Question: If $A$ is closed, $B$ is compact, and $A \cap B = \emptyset$, prove that there is $d > 0$ such that $||y - x|| \geq d$ for all $y \in A$ and $x \in B$.

Now, I interpret this as an instruction to find a single $d$ that works for all $y \in A$ and $x \in B$. However, I can't see why the following is not a counter-example:

Consider the set $$A_0 = (-\infty, 0) \cup \left[\bigcup_{n=1}^{\infty} \left(\frac{1}{n + 1}, \frac{1}{n}\right)\right] \cup (1, \infty)$$ where $(a,b)$ denotes the open interval as usual. Since $A_0$ is a union of open sets, it too is open. Thus $$A = \mathbb{R} - A_0 = \left\{ \frac{1}{n} \quad \colon \quad n \in \mathbb{N}\right\}$$ is closed. The set $$B = [-1, 0]$$ is certainly compact. Moreover, $A \cap B = \emptyset$. However, for all $d > 0$, there exists a $y \in A$ such that $$||0 - y|| = ||y|| < d$$

I must be overlooking something somewhere. Any help spotting where will be appreciated.

Answer 1

Here we prove the result of the book:

Recall that the function $x\mapsto d(x,A)$ is continuous and that (since $A$ is closed): $$x\in A\iff d(x,A)=0$$

$$d=\inf_{x\in B}d(x,A)$$

The function

$$f:B\to \mathbb{R}\quad,\quad x\mapsto d(x,A)$$ is continuous on the compact $B$ then it's bounded and there's $x_0\in B$ s.t $$f(x_0)=\min_{x\in B}f(x)=d=d(x_0,A)>0$$ since $x_0\not\in A$

Answer 2

Spivak includes this exercise in a section of the book that precedes the definitions of functions and continuity. He gives a hint for solving it simply from the definition of compactness, and using a previous result, that the distance between a closed set and a single point in its complement is positive. That result follows immediately from the fact that the complement of a closed set is open, and a point in an open set in $\Bbb R^n$ has a ball around it that's contained in the open set.

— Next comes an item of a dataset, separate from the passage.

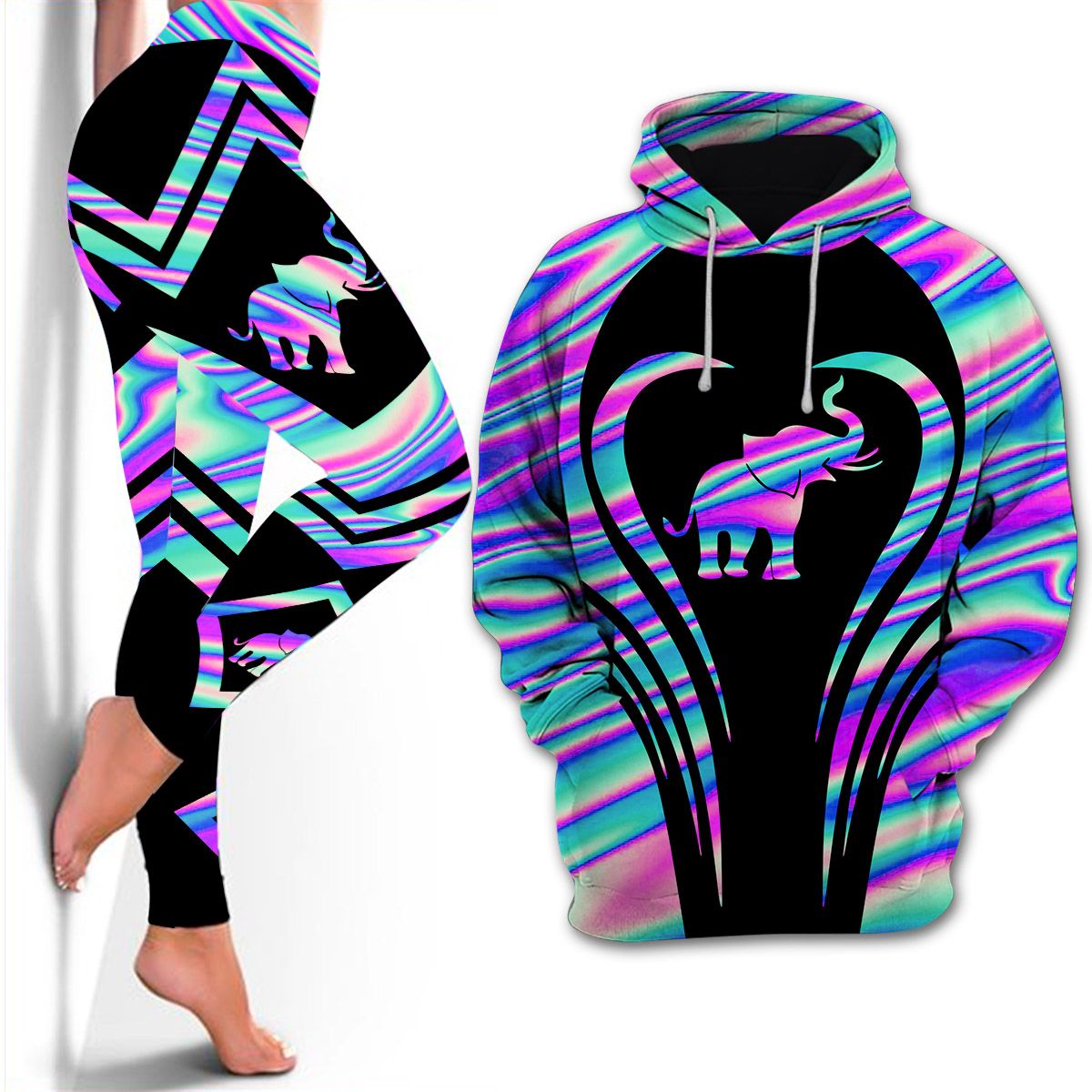 20CNVELPDS – Elephant Holographic Hoodie + Legging Combo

Anyway, here's a proof, using Spivak's hint: for every $x$ in our compact set $B$, we have a distance $d_x$ so that $\|x-y\|>2d_x$ for all $y$ in our closed set $A$. Let $U_x$ be the ball of radius $d_x$ centered at $x$. Doing this for every $x\in B$, we obtain an open cover. This open cover has the property that, for each $x$, every point in $U_x\cap B$ has distance at least $d_x$ from $A$. (Triangle inequality)

Since $B$ is compact, the open cover $\{U_x\mid x\in B\}$ admits a finite subcover: $\{U_{x_i}\mid i=1,\ldots,n\}$. Let $d=\min\{d_{x_i}\}_{i=1\ldots n}$. This positive number satisfies the requirement that $\|x-y\|>d$ for all $x\in B, y\in A$.

Answer 3

The counter-example fails as the set $A$ contains $0$ so $A \cap B \ne \emptyset$. I had overlooked this fact for some reason.